Instructions for the task ▸ The answer is a stretch of the material below, returned exactly: the line containing "Earrings stainless steel", the line containing "Hand-blown green glass", and all lines between.

Exercise inputs ▸
*** Begin section ***
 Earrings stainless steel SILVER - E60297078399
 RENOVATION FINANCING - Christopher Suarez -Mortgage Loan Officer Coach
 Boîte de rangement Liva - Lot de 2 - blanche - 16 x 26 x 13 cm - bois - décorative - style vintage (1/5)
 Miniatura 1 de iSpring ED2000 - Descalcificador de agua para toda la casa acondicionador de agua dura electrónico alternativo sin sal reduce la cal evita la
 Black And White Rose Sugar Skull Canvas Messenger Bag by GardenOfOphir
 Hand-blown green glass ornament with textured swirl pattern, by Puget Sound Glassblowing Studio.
*** End section ***
*** Begin section ***
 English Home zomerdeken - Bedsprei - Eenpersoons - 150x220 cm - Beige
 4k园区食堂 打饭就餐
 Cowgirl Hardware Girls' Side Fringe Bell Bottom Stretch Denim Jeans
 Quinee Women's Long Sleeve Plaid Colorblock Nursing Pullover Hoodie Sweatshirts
*** End section ***
Solution to this problem ▸
 Earrings stainless steel SILVER - E60297078399
 RENOVATION FINANCING - Christopher Suarez -Mortgage Loan Officer Coach
 Boîte de rangement Liva - Lot de 2 - blanche - 16 x 26 x 13 cm - bois - décorative - style vintage (1/5)
 Miniatura 1 de iSpring ED2000 - Descalcificador de agua para toda la casa acondicionador de agua dura electrónico alternativo sin sal reduce la cal evita la
 Black And White Rose Sugar Skull Canvas Messenger Bag by GardenOfOphir
 Hand-blown green glass ornament with textured swirl pattern, by Puget Sound Glassblowing Studio.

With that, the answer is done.